"I consider high-speed data transmission an invention that became a major innovation. It changed the way we all communicate"
About this Quote
Kamen’s line is a subtle flex disguised as plainspoken gratitude: it draws a hard line between an invention (a technical breakthrough) and an innovation (a breakthrough that actually reorganizes daily life). Coming from an inventor who’s spent a career trying to turn engineering into lived reality, the distinction isn’t academic. It’s a worldview. The subtext is that clever hardware isn’t the point; adoption is the point. The real achievement isn’t faster bits, it’s the new social choreography those bits enable.
High-speed data transmission is an intentionally unglamorous hero. He doesn’t name the internet, fiber, cellular, or Wi-Fi; he points to the enabling layer. That choice frames modern communication as infrastructure rather than magic. It’s also a quiet reminder that the technologies we treat as cultural inevitabilities were contingent engineering bets that had to scale, standardize, and become cheap enough to disappear into the background.

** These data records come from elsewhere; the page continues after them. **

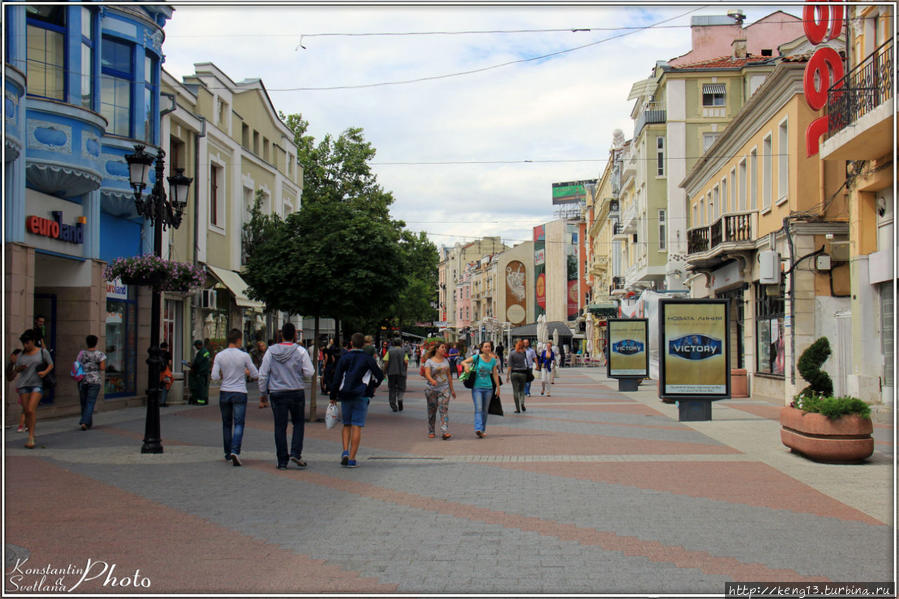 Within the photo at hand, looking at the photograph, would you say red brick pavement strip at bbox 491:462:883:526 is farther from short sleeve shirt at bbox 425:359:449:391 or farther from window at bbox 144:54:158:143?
window at bbox 144:54:158:143

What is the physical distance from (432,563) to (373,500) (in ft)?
8.74

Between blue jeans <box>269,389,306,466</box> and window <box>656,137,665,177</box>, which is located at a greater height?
window <box>656,137,665,177</box>

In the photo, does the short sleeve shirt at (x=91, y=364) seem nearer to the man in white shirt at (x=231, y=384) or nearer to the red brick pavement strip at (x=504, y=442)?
the red brick pavement strip at (x=504, y=442)

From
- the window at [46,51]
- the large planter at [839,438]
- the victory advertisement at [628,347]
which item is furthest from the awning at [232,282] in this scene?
the large planter at [839,438]

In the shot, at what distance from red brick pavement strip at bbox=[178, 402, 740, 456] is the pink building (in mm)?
30236

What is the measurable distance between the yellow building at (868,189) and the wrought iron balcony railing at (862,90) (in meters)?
0.02

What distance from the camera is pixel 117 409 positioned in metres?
20.8

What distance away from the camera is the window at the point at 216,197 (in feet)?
95.2

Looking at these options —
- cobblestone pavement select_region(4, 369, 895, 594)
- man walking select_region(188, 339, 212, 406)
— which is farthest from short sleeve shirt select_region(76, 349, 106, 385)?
man walking select_region(188, 339, 212, 406)

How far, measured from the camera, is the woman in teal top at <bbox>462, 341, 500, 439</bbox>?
1502 cm

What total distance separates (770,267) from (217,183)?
60.1 ft

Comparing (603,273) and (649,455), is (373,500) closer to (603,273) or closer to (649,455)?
(649,455)

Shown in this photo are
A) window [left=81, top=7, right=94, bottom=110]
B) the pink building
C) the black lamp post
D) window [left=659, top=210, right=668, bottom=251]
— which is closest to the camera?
the black lamp post

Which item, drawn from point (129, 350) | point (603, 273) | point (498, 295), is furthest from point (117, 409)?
point (498, 295) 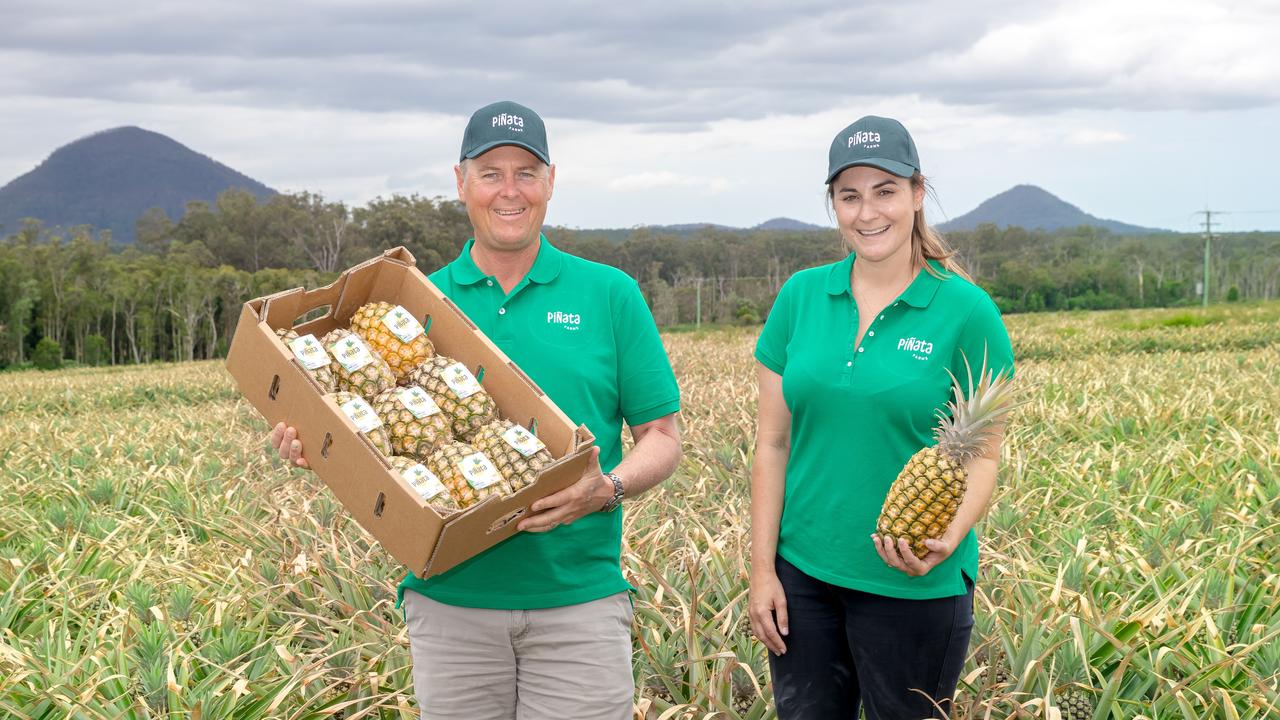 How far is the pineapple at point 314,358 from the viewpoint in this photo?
2.62 metres

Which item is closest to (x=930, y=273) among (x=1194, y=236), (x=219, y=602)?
(x=219, y=602)

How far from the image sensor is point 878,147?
2.49m

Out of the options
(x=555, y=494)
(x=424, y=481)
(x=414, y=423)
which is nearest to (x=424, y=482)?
(x=424, y=481)

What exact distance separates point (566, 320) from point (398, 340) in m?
0.53

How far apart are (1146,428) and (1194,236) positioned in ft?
537

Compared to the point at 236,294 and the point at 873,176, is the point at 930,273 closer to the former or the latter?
the point at 873,176

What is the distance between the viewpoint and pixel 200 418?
11688mm

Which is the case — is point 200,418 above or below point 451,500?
below

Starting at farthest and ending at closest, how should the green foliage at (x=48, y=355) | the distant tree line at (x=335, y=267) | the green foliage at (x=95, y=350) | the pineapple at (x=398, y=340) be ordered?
the distant tree line at (x=335, y=267) → the green foliage at (x=95, y=350) → the green foliage at (x=48, y=355) → the pineapple at (x=398, y=340)

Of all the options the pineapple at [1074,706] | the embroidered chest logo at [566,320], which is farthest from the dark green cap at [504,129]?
the pineapple at [1074,706]

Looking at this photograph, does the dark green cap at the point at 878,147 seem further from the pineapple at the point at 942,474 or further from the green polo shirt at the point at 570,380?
the green polo shirt at the point at 570,380

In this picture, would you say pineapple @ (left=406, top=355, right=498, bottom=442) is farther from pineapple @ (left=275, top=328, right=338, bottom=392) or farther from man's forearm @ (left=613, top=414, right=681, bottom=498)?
man's forearm @ (left=613, top=414, right=681, bottom=498)

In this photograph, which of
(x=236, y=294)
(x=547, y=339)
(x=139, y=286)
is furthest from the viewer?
(x=236, y=294)

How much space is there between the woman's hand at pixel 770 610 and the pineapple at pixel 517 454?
71 cm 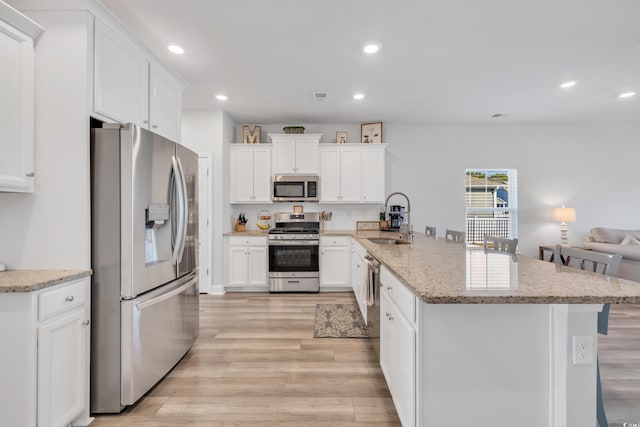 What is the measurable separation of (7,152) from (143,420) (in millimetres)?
1721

The phrasing “we all” matters. It stakes a claim about universality, but it also papers over the unevenness: who gets broadband, who gets left with spotty service, who pays more for less. Kamen’s optimism carries the classic inventor’s bias toward connectivity as net good, while sidestepping what that connectivity drags along: surveillance, attention economies, misinformation at machine speed. In that tension, the quote lands. It captures why high-speed transmission feels less like a gadget and more like a rewiring of society: it didn’t just improve communication, it changed what communication is allowed to be.
High-speed data transmission is an intentionally unglamorous hero. He doesn’t name the internet, fiber, cellular, or Wi-Fi; he points to the enabling layer. That choice frames modern communication as infrastructure rather than magic. It’s also a quiet reminder that the technologies we treat as cultural inevitabilities were contingent engineering bets that had to scale, standardize, and become cheap enough to disappear into the background.
The phrasing “we all” matters. It stakes a claim about universality, but it also papers over the unevenness: who gets broadband, who gets left with spotty service, who pays more for less. Kamen’s optimism carries the classic inventor’s bias toward connectivity as net good, while sidestepping what that connectivity drags along: surveillance, attention economies, misinformation at machine speed. In that tension, the quote lands. It captures why high-speed transmission feels less like a gadget and more like a rewiring of society: it didn’t just improve communication, it changed what communication is allowed to be.